Police operations were continuing in the area, the official said, in a bid to locate the rest of the victims who were taken at the end of the day shift at al-Nasr General Complex, a former military plant that now makes metal doors, windows and pipes.

Sectarian violence has raged in the region and tit-for-tat kidnappings and revenge killings are common, but nothing had been reported on the scale of Wednesday's mass abduction. The al-Nasr plant is between Baghdad and Taji, a predominantly Sunni Arab area.

The chief lawyer representing Saddam Hussein and his seven co-defendants, meanwhile, said the men went on a hunger strike to protest the shooting death Wednesday of an attorney on the ousted Iraqi leader's defense team. It was the third such killing in the 8-month-old trial.

The military said the four Marines were killed Tuesday in insurgency-ridden Anbar province, three of them in a roadside bombing and a fourth in a separate operation. A soldier died Wednesday south of the capital, the military said, giving no further details.

At least 2,512 members of the U.S. military have died since the beginning of the Iraq war in March 2003, according to an Associated Press count. The figure includes seven military civilians.

The killings in Mosul occurred primarily in groups of ones and two, with several of the dead found dumped throughout the city. All the victims died in targeted shooting attacks, Mosul police Capt. Ahmed Khalil told The Associated Press.

About a dozen people were killed in other violence nationwide Wednesday, and an al-Qaida-led insurgent group announced it would execute four Russian hostages who were kidnapped June 3. The Russian Embassy in Baghdad said it had no new information on the fate of the four. A fifth Russian was killed when the men were captured.

Lawyer Khamis al-Obeidi, a Sunni Arab who represented Saddam and his half brother Barzan Ibrahim, was abducted from his home Wednesday morning. His body was found riddled with bullets on a street near the Shiite slum of Sadr City. Police provided a photo of al-Obeidi's face, head and shoulders drenched in blood.

Saddam's chief attorney, Khalil al-Dulaimi, blamed the killing on the Interior Ministry, which Sunnis have alleged is infiltrated by so-called Shiite death squads.

"We strongly condemn this act and we condemn the killings done by the Interior Ministry forces against Iraqis," he said.

Al-Dulaimi told the AP in Amman, Jordan, that Saddam and his co-defendants "went on a hunger strike today to protest the killing of Khamis al-Obeidi."

"They pledged not to end the strike until international protection is provided to the defense team," he said.

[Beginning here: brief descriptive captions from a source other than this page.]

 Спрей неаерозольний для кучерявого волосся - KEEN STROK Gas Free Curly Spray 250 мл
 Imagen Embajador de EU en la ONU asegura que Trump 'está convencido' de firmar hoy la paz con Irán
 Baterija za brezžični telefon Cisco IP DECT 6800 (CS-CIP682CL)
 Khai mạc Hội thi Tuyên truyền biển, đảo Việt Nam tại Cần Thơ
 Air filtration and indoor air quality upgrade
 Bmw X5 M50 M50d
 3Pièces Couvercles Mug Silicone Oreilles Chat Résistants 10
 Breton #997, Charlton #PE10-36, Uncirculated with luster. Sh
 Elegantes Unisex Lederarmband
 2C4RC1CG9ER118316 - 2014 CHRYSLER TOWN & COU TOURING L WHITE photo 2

The report of Saddam and the others conducting a hunger strike could not independently confirmed, but it would not be the first time the defense team has said their clients were refusing food.

On Feb. 28, al-Obeidi said Saddam and several other defendants had ended a hunger strike he said they'd started Feb. 12 to protest the chief judge in their trial. In December 2004, the U.S. military acknowledged that eight of Saddam's 11 top lieutenants went on a weekend hunger strike to demand jail visits from the international Red Cross.

Bushra al-Khalil, a Lebanese member of the defense team, said al-Obeidi was taken from his house by men dressed in police uniforms and driving four-wheel-drive vehicles used by Iraqi security forces.

However, al-Obeidi's widow, Um Laith, was quoted on The New York Times' Web site as saying the attackers wore civilian clothes. She said 20 men burst into their house while the couple and their children were sleeping, and identified themselves as members of an Interior Ministry security brigade.

There was no comment from the ministry.

Al-Obeidi was the third member of Saddam's defense team to be killed since the trial began Oct. 19. His colleagues said the brutal slaying was an attempt to intimidate the defense before it begins final arguments July 10, a process that will take about 10 days.

Chief prosecutor Jaafar al-Moussawi said the trial would continue.

The U.S. Embassy urged the lawyers and their families to "accept the full range of security measures offered for their protection."